Is $X$ compact if every continuous real valued function on $X$ is uniformly continuous and $X$ has finitely many isolated points.

Question

There was a problem of metric space which I recently found. It is as follows:

Suppose $X$ is a metric space with finitely many isolated points and having the property that every real value continuous function on $X$ is uniformly continuous.Then show that $X$ is compact.

I have no idea of how to proceed further.Can someone help me to work it out?

Answer 1

SKETCH: Let $\langle X,d\rangle$ be a metric space with only finitely many isolated points, and suppose that $X$ is not compact.

• Show that $X$ has a countably infinite closed, discrete subset subset $D=\{x_n:n\in\Bbb Z^+\}$.

For each $n\in\Bbb Z^+$ let $D_n=\{x_k\in D:k>n\}$.

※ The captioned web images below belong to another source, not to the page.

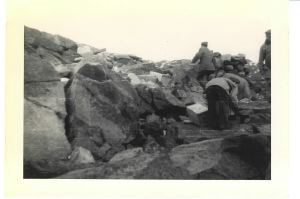 Image of Group on rocks, with boxes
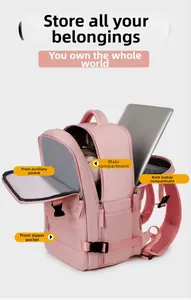Pink travel backpack showing organized compartments for laptop and large storage space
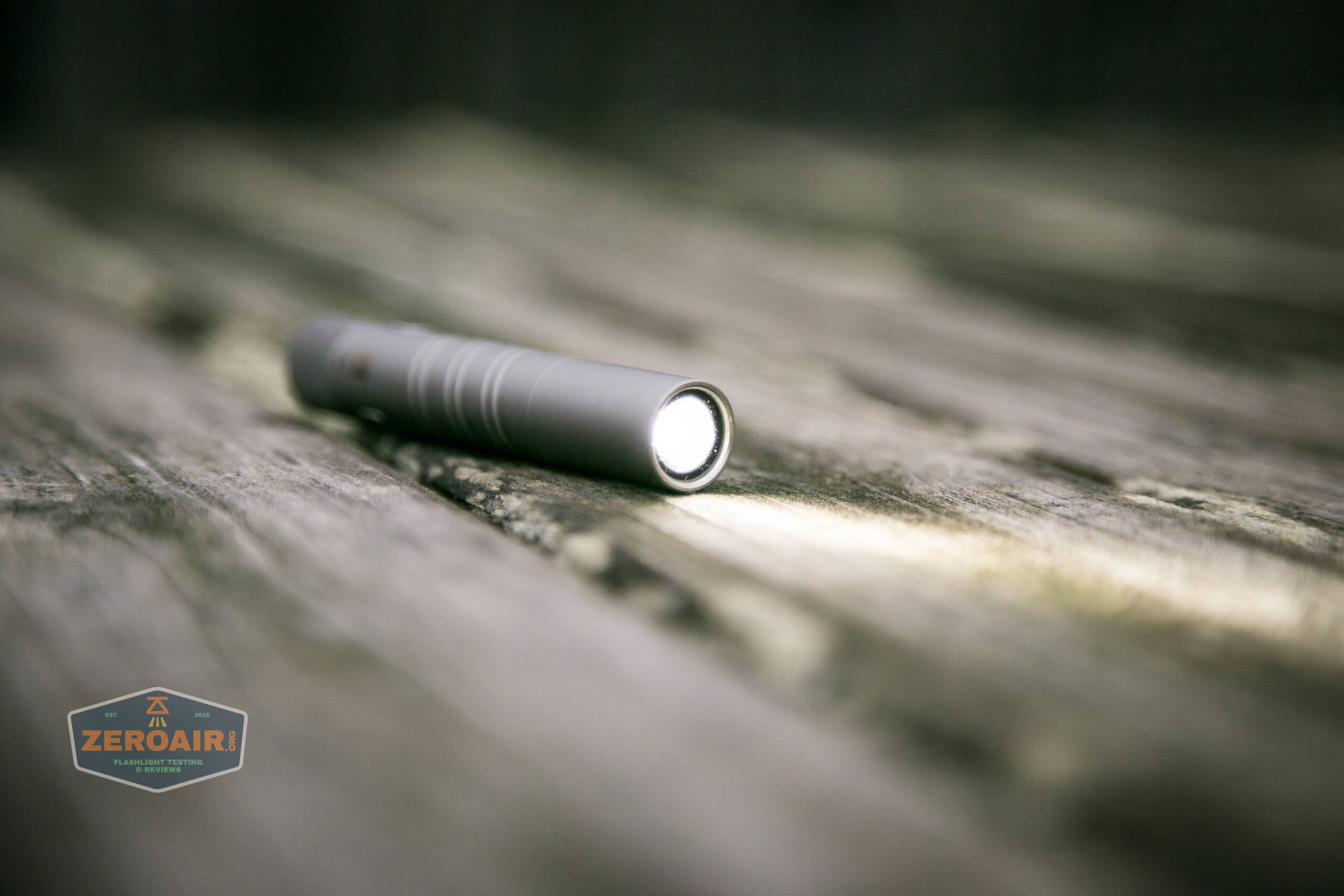 olight i3t eos titanium aaa flashlight on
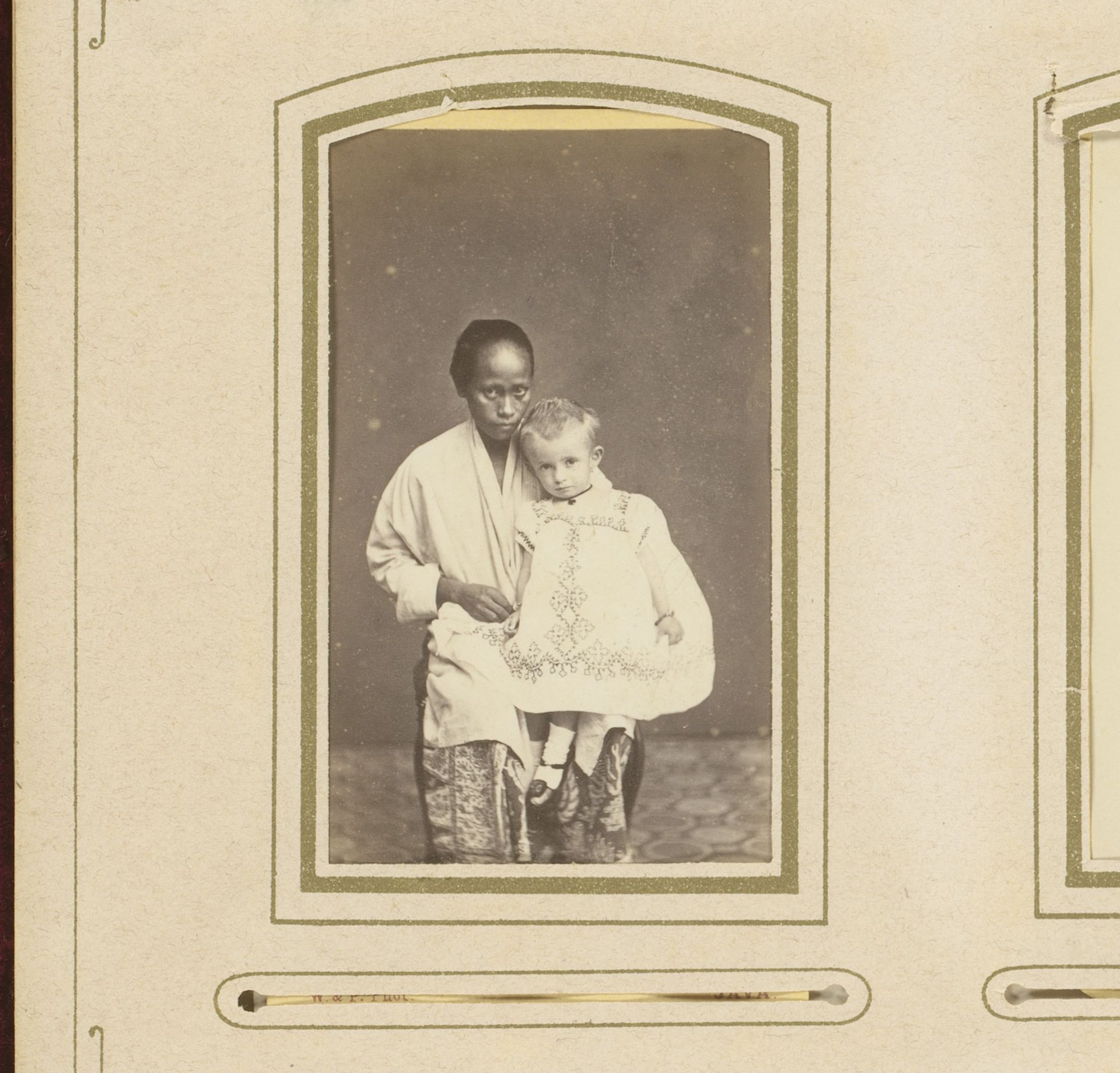 Portrait of an Indonesian Woman with a European Child on Her Lap by Woodbury & Page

• Recursively construct pairwise disjoint open balls around the points of $D$ as follows. First, there is an $r_1>0$ such that $\operatorname{cl}B(x_1,r_1)\cap D_1=\varnothing$ and $r_1\le 1$. Then there is an $r_2>0$ such that $\operatorname{cl}B(x_2,r_2)\cap\big(\operatorname{cl}B(x_1,r_1)\cup D_2\big)=\varnothing$ and $r_1\le\frac12$. In general, at stage $k$ we choose $r_k>0$ such that

$$\operatorname{cl}B(x_k,r_k)\cap\left(D_k\cup\bigcup_{\ell<k}\operatorname{cl}B(x_\ell,r_\ell)\right)=\varnothing\text{ and }r_k\le\frac1k\;.$$

Now let $U=\bigcup_{k\in\Bbb Z^+}B(x_k,r_k)$; $U$ is an open nbhd of $D$, so $D$ and $X\setminus U$ are disjoint closed sets. Define a function

$$f:D\cup(X\setminus U)\to\Bbb R:x\mapsto\begin{cases} n,&\text{if }x=x_n\\ 0,&\text{if }x\in X\setminus U\;. \end{cases}$$

• Show that $f$ is continuous.

By the Tietze extension theorem there is a continuous $F:X\to\Bbb R$ that extends $f$, i.e., such that $F\upharpoonright\big(D\cup(X\setminus U)\big)=f$.

• Show that $F$ is not uniformly continuous.